Note: We might want to replace this hash algorithm with the one we use in blobfs.

Directory chunk (Type “DIR-----”)

The directory chunk is required. Entries in the directory chunk must have unique names and the entries must be sorted by name in increasing lexicographical octet order (e.g., as compared by memcmp).

  • Concatenated directory table entries.

These entries represent the files contained in the archive. Directories themselves are not represented explicitly, which means archives cannot represent empty directories.

Directory table entry

  • Name.
    • 32 bit offset from the start of the directory names chunk to the path data, in bytes.
    • 16 bit length of name, in bytes.
  • 16 bits of zeros, reserved for future use.
  • Data.
    • 64 bit offset from start of archive to the start of the content chunk, in bytes.
    • 64 bit length of the data, in bytes.
  • 64 bits of zeros, reserved for future use.

Directory hash chunk (Type “DIRHASH-”)

The directory hash chunk is optional.

  • 32 bit hash algorithm identifier.
    • Must be 1.
    • Identifies “SHA-256”.
  • 32 bit length of each hash.
    • Must be 32.
  • Concatenated octets of hashes
    • Each entry is the hash of the data in the content chunk associated with the corresponding entry in the directory table.
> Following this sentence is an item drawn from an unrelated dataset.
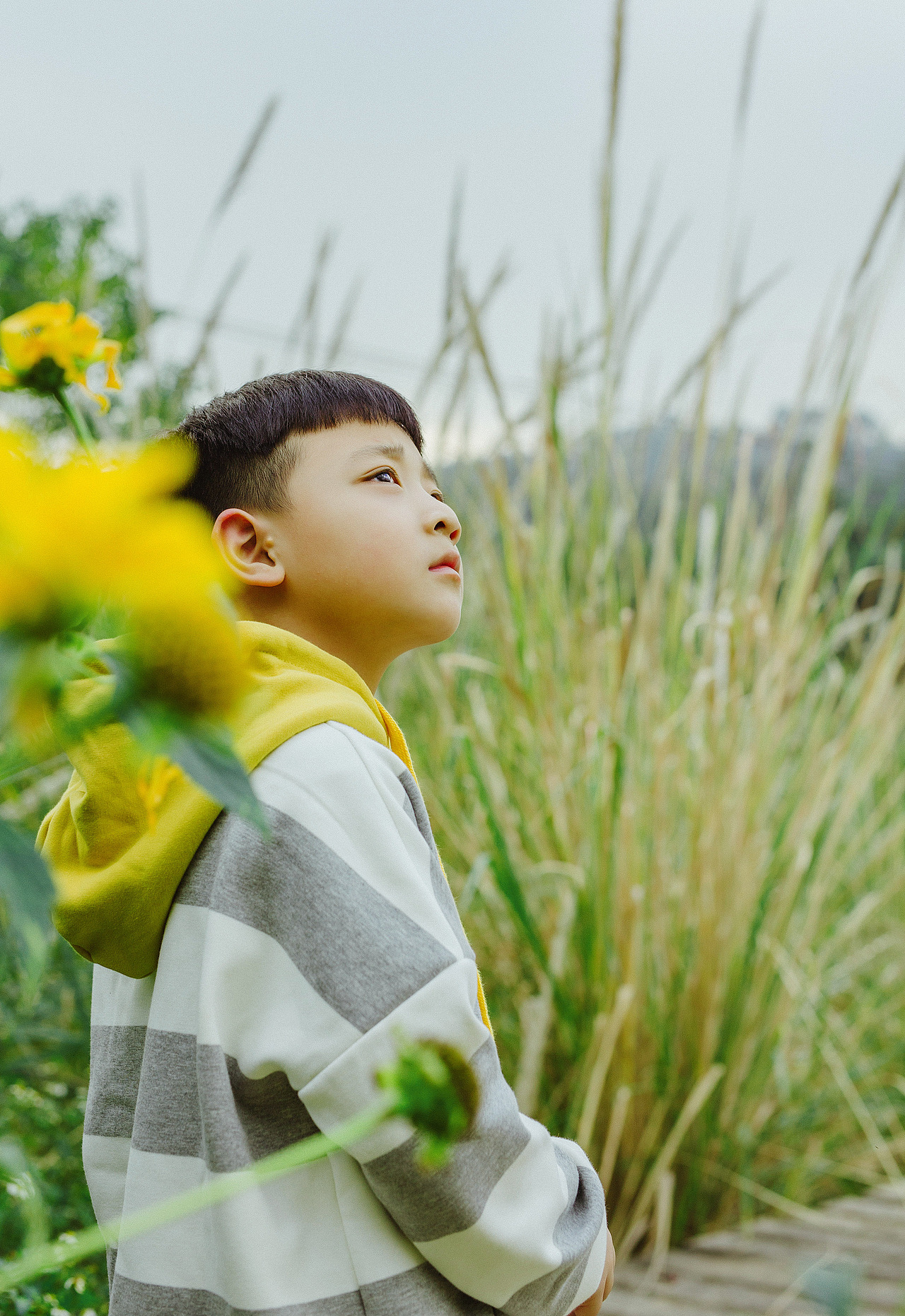 邻家有儿初长成~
Directory names chunk (Type “DIRNAMES”)

The directory names chunk is required and is used by the directory chunk to name the content chunks. Path data must be sorted in increasing lexicographical octet order (e.g., as compared by memcmp).

  • Concatenated path data (no encoding specified).
  • Zero padding to next 8 byte boundary.

Note: The offsets used to index into the path data are 32 bits long, which means there is no reason to create a directory name chunk that is larger than 4 GB.

Although no encoding is specified, clients that wish to display path data using unicode may attempt to decode the data as UTF-8. The path data might or might not be UTF-8, which means that decoding might fail.

Path data

  • Octets of path.
    • Must not be empty.
    • Must not contain a 0x00 octet.
    • The leading octet must not be 0x2F (‘/’).
    • The trailing octet must not be 0x2F (‘/’).
    • Let segments be the result of splitting the path on 0x2F (‘/’). Each segment must meet the following requirements:
      • Must not be empty.
      • Must not be exactly 0x2E (‘.’)
      • Must not be exactly 0x2E 0x2E (‘..’)

Content chunk

Content chunks must be after all the chunks listed in the index chunk. The content chunks must appear in the archive in the order they are listed in the directory.

  • data

The data must be aligned on a 4096 byte boundary from the start of the archive and the data must be padded with zeros until the next 4096 byte boundary.